━━━━━ MATERIAL PROVIDED ━━━━━

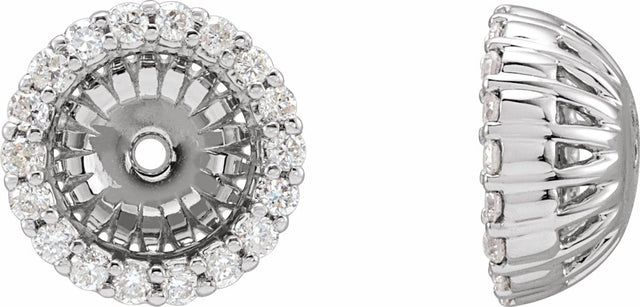 14K White Gold 1/5 CTW Diamond Earring Jackets with 6.1 mm ID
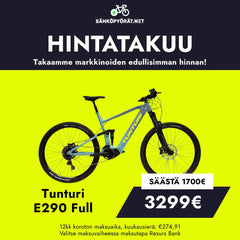 Keltaisella ja mustalla pohjalla on keltainen ja sininen Tunturi E290 Full sähkömaastopyörä. Hintatakuu, myyntihinta 3299€, säästö 1700€ ja suomalaiset maksuvaihtoehdot mainostetaan. Tunturi.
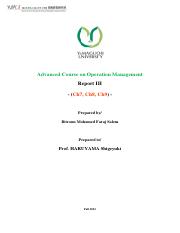 Advanced Operation Management Report 3 ''Mohamed Bitroun''.pdf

━━━━━

* _ACTIVITY_
The response must repeat all the lines above exactly and include no pictures.

* _ANSWER TO THIS TASK_
 14K White Gold 1/5 CTW Diamond Earring Jackets with 6.1 mm ID
 Keltaisella ja mustalla pohjalla on keltainen ja sininen Tunturi E290 Full sähkömaastopyörä. Hintatakuu, myyntihinta 3299€, säästö 1700€ ja suomalaiset maksuvaihtoehdot mainostetaan. Tunturi.
 Advanced Operation Management Report 3 ''Mohamed Bitroun''.pdf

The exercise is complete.